[Collected data]

↓↓↓

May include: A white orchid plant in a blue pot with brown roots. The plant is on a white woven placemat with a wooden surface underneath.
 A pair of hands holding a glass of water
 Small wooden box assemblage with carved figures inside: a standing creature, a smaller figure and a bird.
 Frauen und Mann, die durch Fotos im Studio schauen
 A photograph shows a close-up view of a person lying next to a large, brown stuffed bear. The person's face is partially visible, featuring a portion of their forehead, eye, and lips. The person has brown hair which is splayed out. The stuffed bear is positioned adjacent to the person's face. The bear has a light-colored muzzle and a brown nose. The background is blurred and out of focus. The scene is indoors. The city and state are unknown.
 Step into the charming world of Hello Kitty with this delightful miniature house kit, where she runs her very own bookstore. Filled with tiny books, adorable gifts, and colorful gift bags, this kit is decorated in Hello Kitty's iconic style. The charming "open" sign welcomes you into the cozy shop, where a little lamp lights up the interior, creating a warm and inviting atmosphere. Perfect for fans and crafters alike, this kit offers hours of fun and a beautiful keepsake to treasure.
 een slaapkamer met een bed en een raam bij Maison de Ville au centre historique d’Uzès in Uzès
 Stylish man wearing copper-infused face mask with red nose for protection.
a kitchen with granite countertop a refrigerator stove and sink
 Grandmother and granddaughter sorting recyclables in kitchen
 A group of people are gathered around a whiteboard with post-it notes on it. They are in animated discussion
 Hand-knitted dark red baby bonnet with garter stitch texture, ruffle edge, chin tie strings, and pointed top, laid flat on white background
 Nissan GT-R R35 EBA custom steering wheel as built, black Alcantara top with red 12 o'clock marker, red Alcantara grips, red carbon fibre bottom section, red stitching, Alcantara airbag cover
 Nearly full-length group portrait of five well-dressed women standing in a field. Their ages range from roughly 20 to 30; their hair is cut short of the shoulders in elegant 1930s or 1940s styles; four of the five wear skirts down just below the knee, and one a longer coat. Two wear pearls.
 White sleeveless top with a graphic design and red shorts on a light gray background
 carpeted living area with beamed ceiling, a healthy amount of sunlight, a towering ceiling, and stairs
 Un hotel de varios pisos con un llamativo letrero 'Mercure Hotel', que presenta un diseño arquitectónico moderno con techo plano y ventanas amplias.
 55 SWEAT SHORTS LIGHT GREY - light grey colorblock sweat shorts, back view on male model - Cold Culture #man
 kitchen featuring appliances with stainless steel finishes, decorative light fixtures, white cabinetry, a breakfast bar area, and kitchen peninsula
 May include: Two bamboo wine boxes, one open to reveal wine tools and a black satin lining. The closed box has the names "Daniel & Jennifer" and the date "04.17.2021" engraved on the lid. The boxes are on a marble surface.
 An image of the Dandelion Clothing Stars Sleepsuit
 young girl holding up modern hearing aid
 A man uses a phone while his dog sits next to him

↑↑↑

## Work task
Look over the entries above. Copy every line that contains the word "open".

## Answer
 Step into the charming world of Hello Kitty with this delightful miniature house kit, where she runs her very own bookstore. Filled with tiny books, adorable gifts, and colorful gift bags, this kit is decorated in Hello Kitty's iconic style. The charming "open" sign welcomes you into the cozy shop, where a little lamp lights up the interior, creating a warm and inviting atmosphere. Perfect for fans and crafters alike, this kit offers hours of fun and a beautiful keepsake to treasure.
 May include: Two bamboo wine boxes, one open to reveal wine tools and a black satin lining. The closed box has the names "Daniel & Jennifer" and the date "04.17.2021" engraved on the lid. The boxes are on a marble surface.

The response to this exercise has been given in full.